Neither of the men responded.
“And you did my flowers so exquisitely this morning, Dennis. It’s too sweet of you.”
The fat man oiled his way over to Caroline’s dressing table and took her hand in his. With surprising grace, he bent and kissed it.
“It’s nothing, Caroline, nothing in the world,” he murmured. Spraggue sat up straighter. He had heard that voice before. In the wings that morning, yes. But somewhere else.…
Caroline smiled graciously. The performance would have been perfect, except for the tiny red mark that remained on her wrist when Spider let her hand slip away.
Spraggue stood. “I’ll leave you two,” he said. “It’s a busy day for me.”
“I’m sure it is,” Boland said.
Spraggue left them there, a frozen tableau, and walked down the hallway, lost in the memory of an unctuous voice. Then he had it. One line: “I just hope you know what you’re doing,” spoken behind Darien’s closed office door.
Chapter Thirteen
“Psssst!”
Spraggue stopped in his tracks. The conspiratorial hiss came from his left, somewhere up ahead, off the passageway. It was repeated, louder. A handle turned and a doorway pushed open an inch. Dracula himself motioned Spraggue inside his dressing room and swiftly closed the door.

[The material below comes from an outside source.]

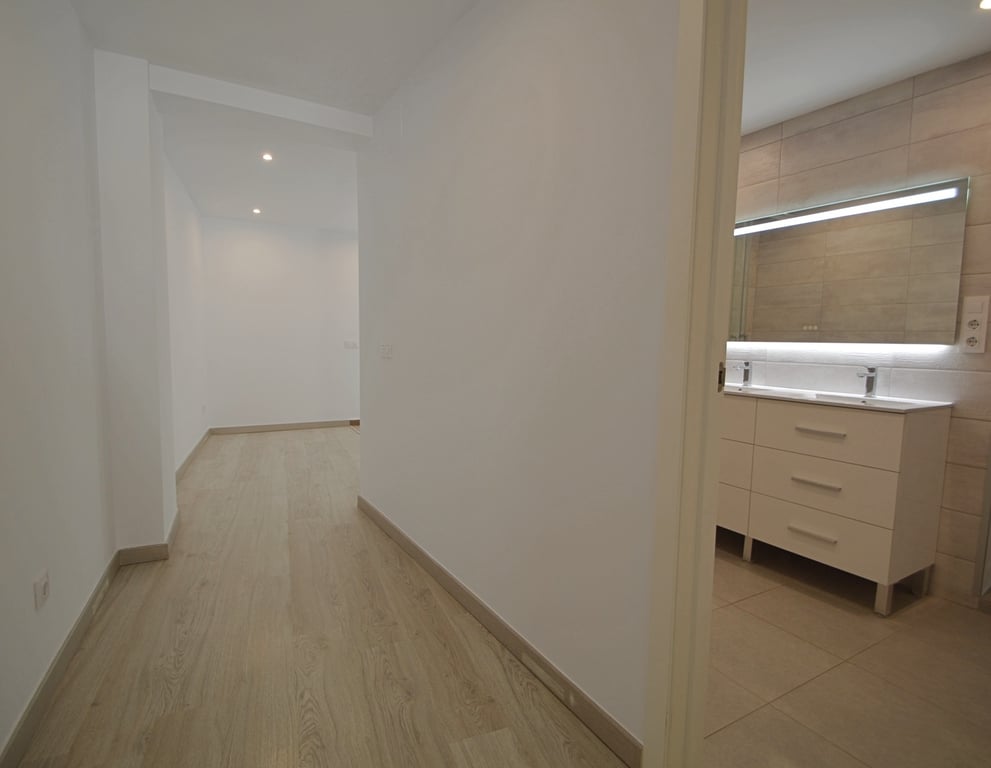 Gang met lichte houten vloer die leidt naar een moderne badkamer met dubbele wastafel, verlichte spiegel en beige wandtegels.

John Langford was a good two inches taller than Spraggue’s six feet one. He dressed with a contrived casualness that must have cost. Designer jeans, leather vests, elegantly tailored shirts that clung to his broad shoulders and fashionably tapered torso. A thin gold chain around his neck. The intensity he gave to every performance was visible now. It kept him from looking ridiculous as he raised a warning finger to his lips and jerked open the connecting door. No eavesdroppers.
Spraggue felt as if he’d been dragged into some den from the Arabian Nights. Caroline Ambrose had restricted her dressing-room decor to orchids and some twenty photos of herself in various roles, including an unmistakable Lady Macbeth. Langford’s dressing room had been completely transformed.
It had a rug. None of the others did. A worn but garish Oriental too large for the space, it rolled at one end. Spraggue decided that it must have been confiscated from the properties department. All chairs but one had been removed and replaced by piles of bright orange and purple cushions. The single ornate chair was the mate to Darien’s office throne. What gave the place such a cavernous air was its lack of light. Heavy dark cloth had been tacked over the two high windows. Candles in ornate brass holders flickered.